Blogged at A Matter of Balance
September 6, 2009 – 1:34 pm

A friend, Joop Oele, at Understanding Parkinson’s Disease, has raised some interesting points about signals within the nervous system and how they translate into movement. As such things will, it has set my thinking in the direction of a number of things grouped loosely under the umbrella of this blog’s title, A Matter of Balance.

Consider the nature of the transfer of information. Let’s keep it simple – “Yes” and “No” will do. Suppose we wish to convey that information to a friend across town by means of radio. Radio (or electromagnetic transmission in general) begins with a carrier wave. A carrier wave is neutral in terms of information, but we can change that by “modulating” the wave, i.e. by loading it with information in the form of the familiar peaks and valleys. The information is encoded in the patterns of those peaks and valleys and once at its destination, decoded.

To do this we needed a pair of waves – the carrier serving as a baseline against which the modulated wave could be set. Without a baseline the information is unusable and so, in order to rise above the noise of the universe we need a pair. Two is a very important number.

In a sense the baseline can be said to represent order and the information to represent chaos. Take order out to the extreme horizon and you have the unchanging Void. Take Chaos out to the opposite horizon and you have…what? A Singularity? Are the Void and the Singularity necessarily two different entities? That is a question for another day.

For now, let it be enough to point out that information is transferred by the dance of the modulated wave across the floor of the baseline.

A similar situation exists when we seek to convey information by means of sheet music. The lines of the staff form the baseline or “ground.” This ground is sterile and lifeless until the introduction of a bit of Chaos in the form of notes scattered across the sheet. Order arises from Chaos. If we take the notes and arrange them in a precise, regimented order, we no longer have music but have a lifeless, unchanging tone. Chaos arises from excessive Order.

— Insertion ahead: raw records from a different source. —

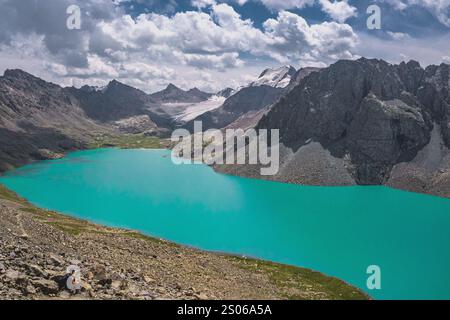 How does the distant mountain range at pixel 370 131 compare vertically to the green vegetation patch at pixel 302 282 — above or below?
above

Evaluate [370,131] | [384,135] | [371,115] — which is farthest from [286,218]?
[371,115]

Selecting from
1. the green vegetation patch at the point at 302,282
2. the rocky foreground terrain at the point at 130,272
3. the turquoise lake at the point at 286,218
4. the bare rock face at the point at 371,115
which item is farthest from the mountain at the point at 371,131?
the rocky foreground terrain at the point at 130,272

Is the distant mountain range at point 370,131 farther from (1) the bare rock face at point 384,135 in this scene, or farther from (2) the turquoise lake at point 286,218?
(2) the turquoise lake at point 286,218

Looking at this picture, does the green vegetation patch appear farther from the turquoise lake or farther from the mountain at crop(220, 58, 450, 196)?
the mountain at crop(220, 58, 450, 196)

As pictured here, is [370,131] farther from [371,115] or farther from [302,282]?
[302,282]

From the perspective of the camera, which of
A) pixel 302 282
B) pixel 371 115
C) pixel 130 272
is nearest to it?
pixel 130 272

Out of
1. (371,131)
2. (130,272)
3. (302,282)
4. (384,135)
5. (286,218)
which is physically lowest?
(302,282) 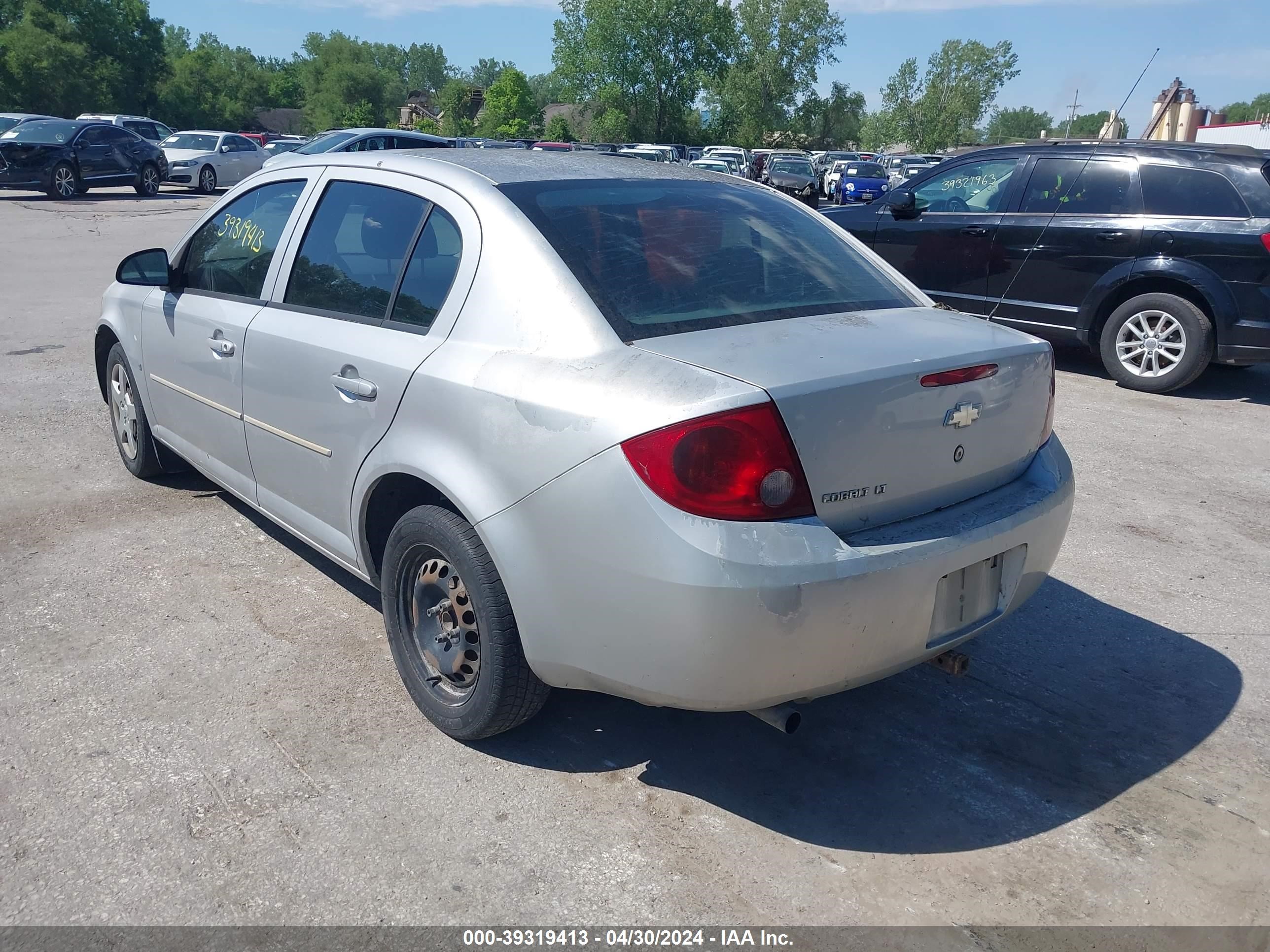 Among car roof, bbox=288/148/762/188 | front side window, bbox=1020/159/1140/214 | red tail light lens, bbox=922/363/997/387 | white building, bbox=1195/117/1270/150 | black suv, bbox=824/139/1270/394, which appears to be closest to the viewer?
red tail light lens, bbox=922/363/997/387

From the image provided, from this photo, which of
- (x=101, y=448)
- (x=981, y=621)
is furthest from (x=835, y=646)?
(x=101, y=448)

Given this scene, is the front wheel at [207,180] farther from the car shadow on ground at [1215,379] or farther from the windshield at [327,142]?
the car shadow on ground at [1215,379]

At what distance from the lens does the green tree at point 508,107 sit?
68688 mm

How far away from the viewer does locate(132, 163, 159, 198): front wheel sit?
23.5 meters

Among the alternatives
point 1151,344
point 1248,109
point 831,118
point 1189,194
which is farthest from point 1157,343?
point 1248,109

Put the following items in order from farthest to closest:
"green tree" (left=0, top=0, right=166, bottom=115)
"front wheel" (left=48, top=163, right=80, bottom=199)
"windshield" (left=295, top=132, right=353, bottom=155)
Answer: "green tree" (left=0, top=0, right=166, bottom=115), "front wheel" (left=48, top=163, right=80, bottom=199), "windshield" (left=295, top=132, right=353, bottom=155)

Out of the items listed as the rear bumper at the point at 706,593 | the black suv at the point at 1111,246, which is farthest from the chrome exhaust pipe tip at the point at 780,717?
the black suv at the point at 1111,246

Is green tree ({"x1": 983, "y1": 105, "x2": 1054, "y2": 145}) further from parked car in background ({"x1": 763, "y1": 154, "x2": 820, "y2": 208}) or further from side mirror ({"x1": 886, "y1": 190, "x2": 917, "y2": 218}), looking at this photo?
side mirror ({"x1": 886, "y1": 190, "x2": 917, "y2": 218})

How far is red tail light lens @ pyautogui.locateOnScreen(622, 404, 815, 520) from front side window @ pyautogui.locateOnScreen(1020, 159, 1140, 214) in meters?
6.15

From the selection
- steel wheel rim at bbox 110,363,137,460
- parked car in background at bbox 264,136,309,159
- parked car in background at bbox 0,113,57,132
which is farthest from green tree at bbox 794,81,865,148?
steel wheel rim at bbox 110,363,137,460

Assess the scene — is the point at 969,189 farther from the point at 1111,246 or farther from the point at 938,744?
the point at 938,744

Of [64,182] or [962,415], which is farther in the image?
[64,182]

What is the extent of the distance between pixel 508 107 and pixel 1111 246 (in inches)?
2795

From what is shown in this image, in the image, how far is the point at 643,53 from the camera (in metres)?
Result: 81.1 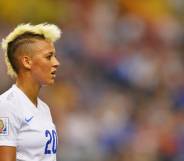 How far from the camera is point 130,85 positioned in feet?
34.7

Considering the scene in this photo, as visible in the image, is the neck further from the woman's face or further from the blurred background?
the blurred background

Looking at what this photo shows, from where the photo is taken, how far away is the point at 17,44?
13.8 feet

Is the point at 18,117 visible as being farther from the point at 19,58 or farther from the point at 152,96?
the point at 152,96

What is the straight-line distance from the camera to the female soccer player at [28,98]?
13.2 feet

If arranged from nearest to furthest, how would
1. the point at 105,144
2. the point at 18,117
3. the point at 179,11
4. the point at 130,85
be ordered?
the point at 18,117 < the point at 105,144 < the point at 130,85 < the point at 179,11

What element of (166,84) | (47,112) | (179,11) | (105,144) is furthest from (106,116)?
(47,112)

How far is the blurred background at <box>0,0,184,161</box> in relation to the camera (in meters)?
9.71

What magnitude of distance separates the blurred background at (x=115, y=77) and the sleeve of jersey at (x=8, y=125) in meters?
5.23

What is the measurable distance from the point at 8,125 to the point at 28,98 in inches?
10.7

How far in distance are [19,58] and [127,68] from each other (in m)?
6.44

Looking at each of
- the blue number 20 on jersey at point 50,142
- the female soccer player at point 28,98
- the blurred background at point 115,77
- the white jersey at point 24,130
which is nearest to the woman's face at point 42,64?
the female soccer player at point 28,98

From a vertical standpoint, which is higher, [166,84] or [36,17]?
[36,17]

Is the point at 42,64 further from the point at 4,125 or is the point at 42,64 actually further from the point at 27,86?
the point at 4,125

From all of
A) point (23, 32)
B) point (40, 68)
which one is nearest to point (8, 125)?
point (40, 68) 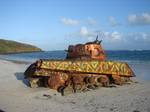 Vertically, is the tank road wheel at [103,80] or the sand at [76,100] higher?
the tank road wheel at [103,80]

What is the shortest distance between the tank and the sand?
0.74m

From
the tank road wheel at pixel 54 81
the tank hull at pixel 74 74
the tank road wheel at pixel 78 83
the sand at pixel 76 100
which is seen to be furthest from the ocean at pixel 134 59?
the tank road wheel at pixel 54 81

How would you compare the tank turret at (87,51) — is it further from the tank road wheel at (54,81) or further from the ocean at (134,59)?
the ocean at (134,59)

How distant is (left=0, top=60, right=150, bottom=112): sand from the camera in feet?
52.2

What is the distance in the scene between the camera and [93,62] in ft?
76.1

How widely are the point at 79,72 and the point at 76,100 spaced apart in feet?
15.2

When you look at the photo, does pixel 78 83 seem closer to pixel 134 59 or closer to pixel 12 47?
pixel 134 59

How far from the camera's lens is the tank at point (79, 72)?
862 inches

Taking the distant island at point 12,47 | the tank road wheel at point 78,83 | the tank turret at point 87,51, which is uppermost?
the distant island at point 12,47

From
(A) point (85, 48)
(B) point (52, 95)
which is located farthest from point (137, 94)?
(A) point (85, 48)

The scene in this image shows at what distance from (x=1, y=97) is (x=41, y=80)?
3956mm

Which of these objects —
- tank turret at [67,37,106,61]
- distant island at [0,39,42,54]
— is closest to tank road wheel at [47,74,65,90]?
tank turret at [67,37,106,61]

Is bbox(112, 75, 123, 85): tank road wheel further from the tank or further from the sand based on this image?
the sand

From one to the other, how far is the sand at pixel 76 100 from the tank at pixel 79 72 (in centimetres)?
74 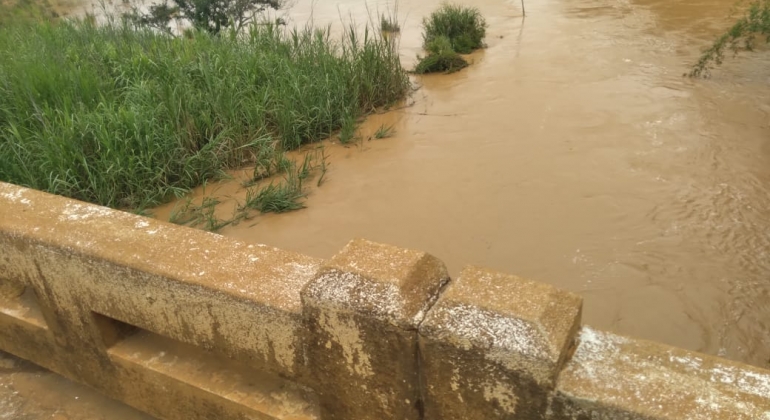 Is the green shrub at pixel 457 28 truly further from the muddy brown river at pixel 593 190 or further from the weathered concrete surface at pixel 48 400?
the weathered concrete surface at pixel 48 400

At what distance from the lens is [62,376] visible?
252 centimetres

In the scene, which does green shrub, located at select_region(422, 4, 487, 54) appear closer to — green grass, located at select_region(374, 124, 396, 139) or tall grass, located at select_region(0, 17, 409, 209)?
tall grass, located at select_region(0, 17, 409, 209)

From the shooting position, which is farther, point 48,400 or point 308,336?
point 48,400

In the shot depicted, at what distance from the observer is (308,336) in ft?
5.33

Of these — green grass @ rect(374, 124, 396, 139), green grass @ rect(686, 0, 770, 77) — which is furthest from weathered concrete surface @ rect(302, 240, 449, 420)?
green grass @ rect(686, 0, 770, 77)

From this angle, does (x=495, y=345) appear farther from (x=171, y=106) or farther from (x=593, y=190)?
(x=171, y=106)

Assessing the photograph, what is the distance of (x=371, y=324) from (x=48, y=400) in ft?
5.42

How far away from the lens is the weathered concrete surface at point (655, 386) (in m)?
1.26

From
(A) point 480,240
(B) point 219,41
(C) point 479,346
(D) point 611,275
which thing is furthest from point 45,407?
(B) point 219,41

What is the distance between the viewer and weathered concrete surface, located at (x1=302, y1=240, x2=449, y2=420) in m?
1.48

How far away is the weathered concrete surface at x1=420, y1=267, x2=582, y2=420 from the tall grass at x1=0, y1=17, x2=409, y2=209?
338cm

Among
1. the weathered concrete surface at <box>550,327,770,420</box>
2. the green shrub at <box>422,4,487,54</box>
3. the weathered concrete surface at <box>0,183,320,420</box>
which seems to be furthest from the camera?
the green shrub at <box>422,4,487,54</box>

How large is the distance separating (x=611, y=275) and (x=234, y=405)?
2580 millimetres

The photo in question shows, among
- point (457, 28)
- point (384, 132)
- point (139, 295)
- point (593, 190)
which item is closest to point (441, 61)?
point (457, 28) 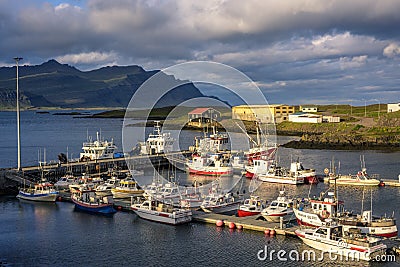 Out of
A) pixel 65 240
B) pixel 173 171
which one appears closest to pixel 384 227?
pixel 65 240

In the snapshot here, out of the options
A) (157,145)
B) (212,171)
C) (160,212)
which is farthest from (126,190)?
(157,145)

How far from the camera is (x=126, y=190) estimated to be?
104ft

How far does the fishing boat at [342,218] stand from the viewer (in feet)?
70.2

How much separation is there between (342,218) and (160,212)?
9.43 m

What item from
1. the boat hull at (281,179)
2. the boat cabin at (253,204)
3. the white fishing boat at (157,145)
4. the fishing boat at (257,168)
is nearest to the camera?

Does this have anything to do with Parkinson’s Disease? You bet! For our nervous systems to function, we require that the forces of Order and Chaos be in balance. Too much of one and we freeze into rigidity. Too much of the other and we go limp as our muscle tone drops.

PD is a reflection of an excess of Order in the System. PWP routinely report improved function, albeit fleeting, if they are physically shaken, thus disrupting the Order of the system. At certain stages of medication beginning to take effect, movement hastens things while forced stillness can slow or even halt the effects. Order triumphs. Inject a bit of Chaos to disrupt the excessive Order and movement returns.

Researchers have toyed with this for years. Vibrating beds, plates, and so on. The results have been inconclusive, although the few studies that have been done approach it as a therapy to be done at a fixed time rather than a treatment to be applied “as needed” and that is a large difference. In the real world, the difference between the states of excessive Order and free movement are reflected in our language. If we do not maintain a little Chaos in the system we “stffen up.”

Language is often a repository for cultural wisdom. In the case of PD we can think in terms of “harmony” and “balance” as functional states. The unspoken recognition of undesirable extremes of either state is there. It is also there in our use of direct stimulation of the pulsing brain by means of small wires. It is there when we find that music can improve function. It is there when the visual cue of a staircase introduces a baseline into our visual field.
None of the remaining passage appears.